CertC-EXP40

Do not modify constant objects

Required inputs: IR

The C Standard, 6.7.3, paragraph 6 [ IS O/IEC 9899:2011], states

If an attempt is made to modify an object defined with a const-qualified type through use of an lvalue with non- const-qualified type, the behavior is undefined.

See also undefined behavior 64.

There are existing compiler implementations that allow const-qualified objects to be modified without generating a warning message.

Avoid casting away const qualification because doing so makes it possible to modify const-qualified objects without issuing diagnostics. (See EXP05-C. Do not cast away a const qualification and STR30-C. Do not attempt to modify string literals for more details.)

Noncompliant Code Example

This noncompliant code example allows a constant object to be modified:

const int **ipp;
int *ip;
const int i = 42;

void func(void) {
  ipp = &ip; /* Constraint violation */
  *ipp = &i; /* Valid */
  *ip = 0;   /* Modifies constant i (was 42) */
}

The first assignment is unsafe because it allows the code that follows it to attempt to change the value of the const object i.

Implementation Details

If ipp, ip, and  i are declared as automatic variables, this example compiles without warning with Microsoft Visual Studio 2013 when compiled in C mode ( /TC) and the resulting program changes the value of i. GCC 4.8.1 generates a warning but compiles, and the resulting program changes the value of i.

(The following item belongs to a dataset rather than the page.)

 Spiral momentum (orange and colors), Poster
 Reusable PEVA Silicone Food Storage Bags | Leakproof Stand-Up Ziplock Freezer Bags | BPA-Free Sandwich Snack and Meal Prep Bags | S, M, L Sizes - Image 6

If ipp, ip, and  i are declared with static storage duration, this program compiles without warning and terminates abnormally with Microsoft Visual Studio 2013, and compiles with warning and terminates abnormally with GCC 4.8.1.

Compliant Solution

The compliant solution depends on the intent of the programmer. If the intent is that the value of  i is modifiable, then it should not be declared as a constant, as in this compliant solution:

int **ipp;
int *ip;
int i = 42;

void func(void) {
  ipp = &ip; /* Valid */
  *ipp = &i; /* Valid */
  *ip = 0; /* Valid */
}

If the intent is that the value of i is not meant to change, then do not write noncompliant code that attempts to modify it.  

Risk Assessment

Modifying constant objects through nonconstant references is undefined behavior.

Rule	Severity	Likelihood	Remediation Cost	Priority	Level
EXP40-C	Low	Unlikely	Medium	P2	L3

Related Guidelines

Taxonomy	Taxonomy item	Relationship
CERT C Secure Coding Standard	EXP05-C. Do not cast away a const qualification	Prior to 2018-01-12: CERT: Unspecified Relationship
CERT C Secure Coding Standard	STR30-C. Do not attempt to modify string literals	Prior to 2018-01-12: CERT: Unspecified Relationship

Bibliography

[ ISO/IEC 9899:2011]

Subclause 6.7.3, "Type Qualifiers"

Excerpt from SEI CERT C Coding Standard: Rules for Developing Safe, Reliable, and Secure Systems (2016 Edition) and SEI CERT C Coding Standard [https://cmu-sei.github.io/secure-coding-standards/sei-cert-c-coding-standard/rules/expressions-exp/exp40-c], Copyright (C) 1995-2026 Carnegie Mellon University. See section 9.4. "3rd-Party Licenses" in the documentation for full details.

Possible Messages

Key	Text	Severity	Disabled
cast_adds_const	Cast adds const qualification	None	False
cast_adds_volatile	Cast adds volatile qualification	None	False
implicit_cast_adds_const	Implicit cast adds const qualification	None	False
implicit_cast_adds_volatile	Implicit cast adds volatile qualification	None	False

Options

• This rule shares the following common options: exclude_in_macros, exclude_messages_in_system_headers, excludes, extend_exclude_to_macro_invocations, includes, justification_checker, languages, post_processing, provider, report_at, severity

• The following places define options that affect this rule: Stylechecks, Analysis-GlobalOptions

check_const

check_const : bool = True

Whether casts affecting const-qualifiers should be reported.

 

check_volatile

check_volatile : bool = False

Whether casts affecting volatile-qualifiers should be reported.